Something like this:

    create
or replace function match_documents (
  query_embedding vector (1536),
  match_threshold float,
  match_count int,
  custom_id text
) returns table (id bigint, content text, similarity float) language sql stable as $$
  select
    documents.id,
    documents.content,
    1 - (documents.embedding <=> query_embedding) as similarity
  from documents
  where documents.custom_id = match_documents.custom_id AND 1 - (documents.embedding <=> query_embedding) > match_threshold
  order by similarity desc
  limit match_count;
$$;

Call from project:

const { data: documents, error } = await supabaseClient.rpc('match_documents', {
    query_embedding: embedding,
    match_threshold: .73, // Choose an appropriate threshold for your data
    match_count: 10, // Choose the number of matches
    custom_id: "2",
  })

Within the database I have different embeddings, and if I ask a question by passing the custom_id, it does not respect the where filter, and it responds with information about embeddings that do not belong to that cutom_id.

Database from supabase

Is there any way of filtering the documents and then... doing all the embeddings query logic?

Thanks!!!

1

There are 1 answers

6
dshukertjr On BEST ANSWER

I would add wrap the threshold filter with parenthesis just in case, but otherwise everything looks good. I would double check that your function definition is up to date. Try dropping the function first and then recreating the function to make sure the function definition is up to date.

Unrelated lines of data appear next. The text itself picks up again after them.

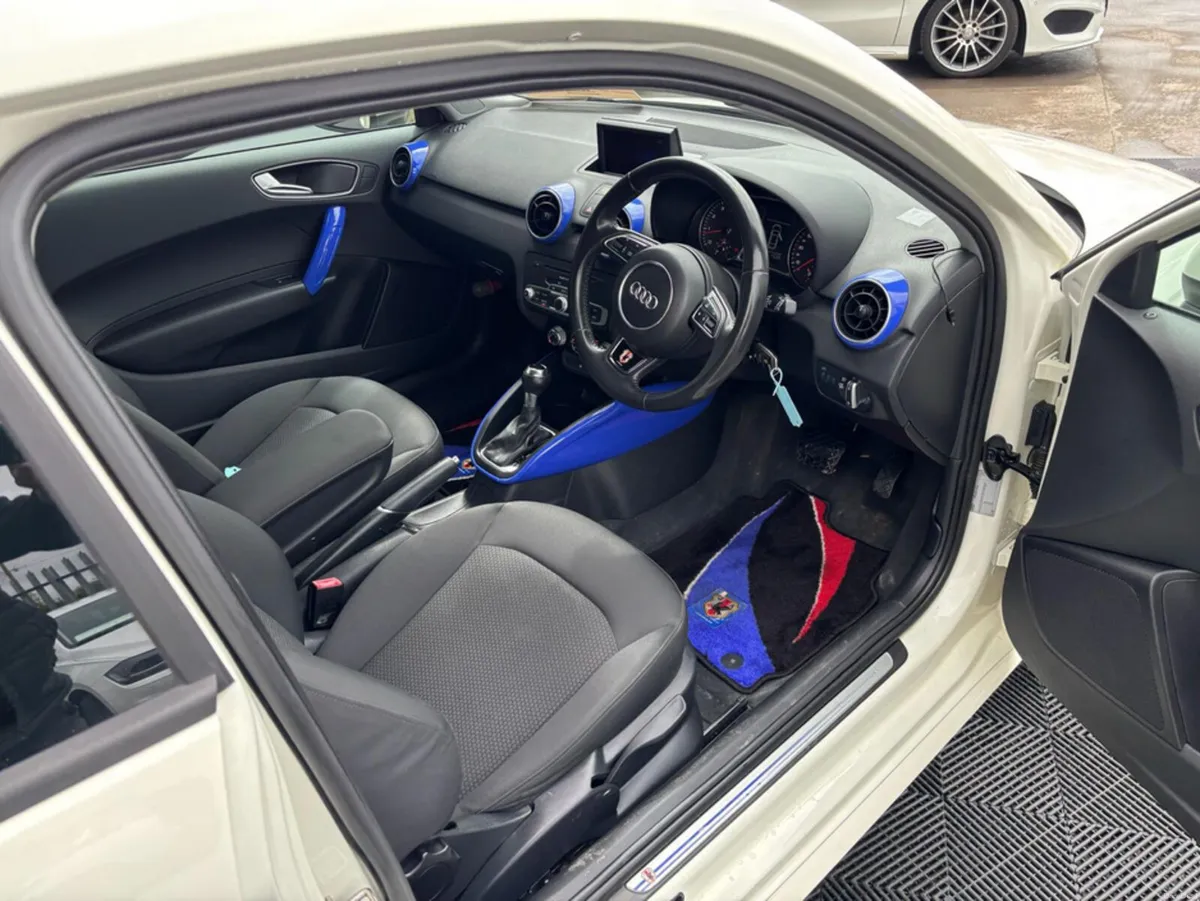 Audi A1 Audi A1 sport ,1.4 tfsi, S-tronic, 17" all - Image 6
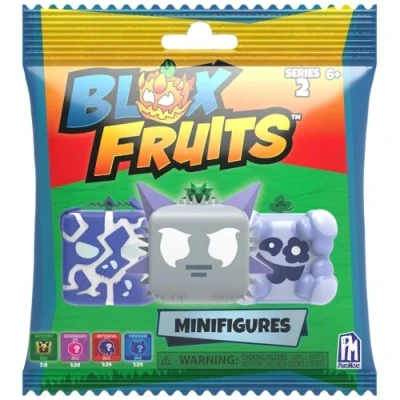 Abbildung von Blox Fruits Minifiguren S2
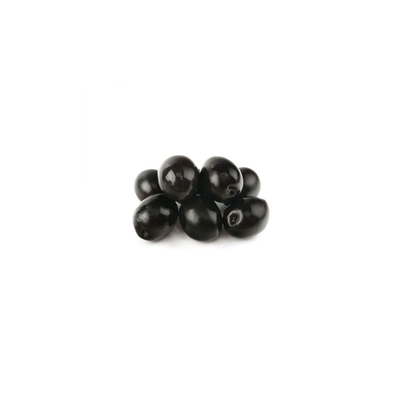 Black Cerignola Olives
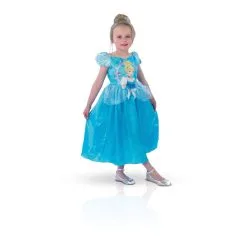 Costume Robe De Cendrillon Pour Enfant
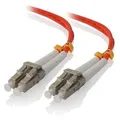 Alogic LCLC-10-OM1 10m LCLC Multi Mode Duplex LSZH Fibre Cable 62.5/125 OM1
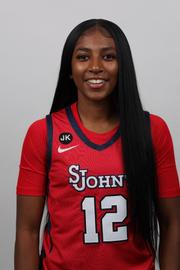Skye Owen - Women's Basketball - St. John's University Athletics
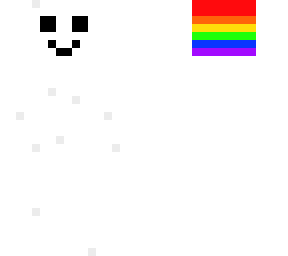 rainbow smiley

create or replace function match_documents (
  query_embedding vector (1536),
  match_threshold float,
  match_count int,
  custom_id text
) returns table (id bigint, content text, similarity float, custom_id text) language sql stable as $$
  select
    documents.id,
    documents.content,
    1 - (documents.embedding <=> query_embedding) as similarity,
    documents.custom_id
  from documents
  where 
    documents.custom_id = match_documents.custom_id AND
    (1 - (documents.embedding <=> query_embedding) > match_threshold)
  order by similarity desc
  limit match_count;
$$;